EXERCISE REQUIREMENTS: Word for word, reproduce all entries below, leaving every picture out.

PROVIDED ENTRIES:
--- START ---
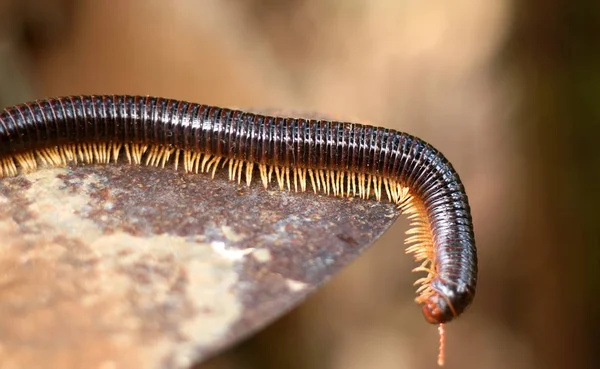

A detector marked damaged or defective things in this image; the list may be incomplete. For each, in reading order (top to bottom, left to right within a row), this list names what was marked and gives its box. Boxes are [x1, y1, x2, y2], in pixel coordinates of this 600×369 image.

rusty metal surface [1, 165, 404, 368]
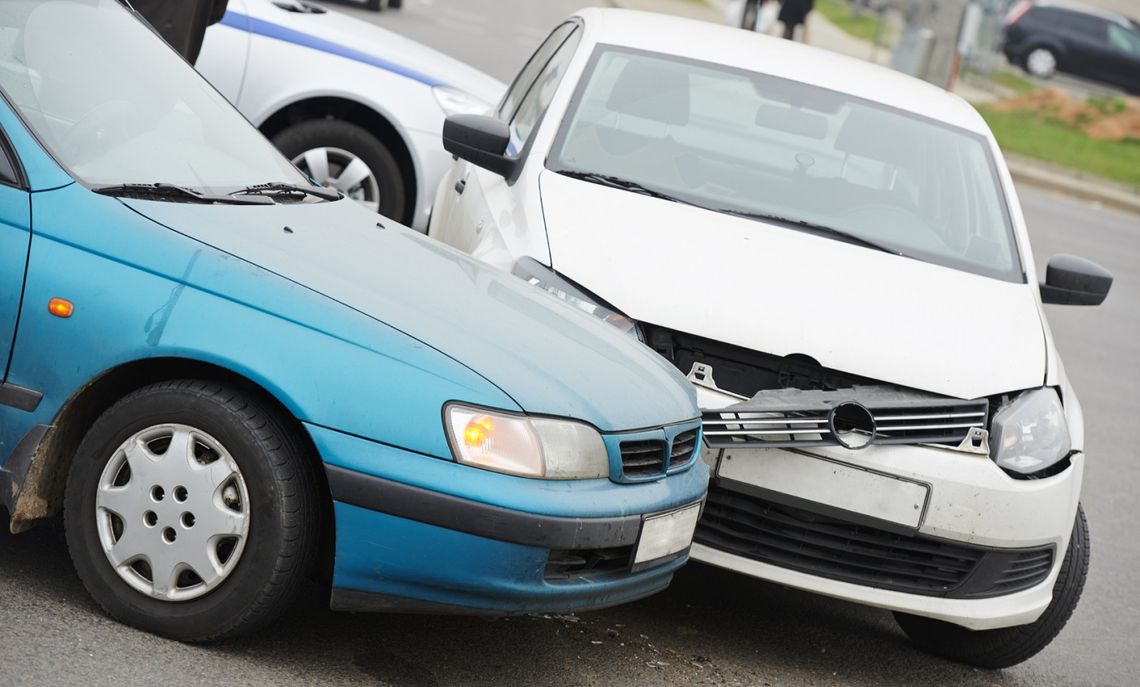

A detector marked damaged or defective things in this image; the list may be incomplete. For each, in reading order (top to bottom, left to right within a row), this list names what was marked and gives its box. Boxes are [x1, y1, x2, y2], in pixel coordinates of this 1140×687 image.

crumpled blue hood [122, 195, 693, 432]
broken headlight [515, 256, 647, 341]
broken headlight [989, 389, 1067, 476]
--- END ---
OUTPUT OF THE TASK:
A detector marked damaged or defective things in this image; the list may be incomplete. For each, in reading order (top to bottom, left to right within a row), this list names what was marked and gives its box. Boxes are [x1, y1, x2, y2], in pixel coordinates of this 600×369 image.

rusty metal surface [1, 165, 404, 368]

A detector marked damaged or defective things in this image; the list may be incomplete. For each, in reading order (top to bottom, left to right within a row), this list names what was marked and gives its box. Boxes are [x1, y1, x2, y2], in pixel coordinates of this 1140×687 image.

crumpled blue hood [122, 195, 693, 432]
broken headlight [515, 256, 647, 341]
broken headlight [989, 389, 1067, 476]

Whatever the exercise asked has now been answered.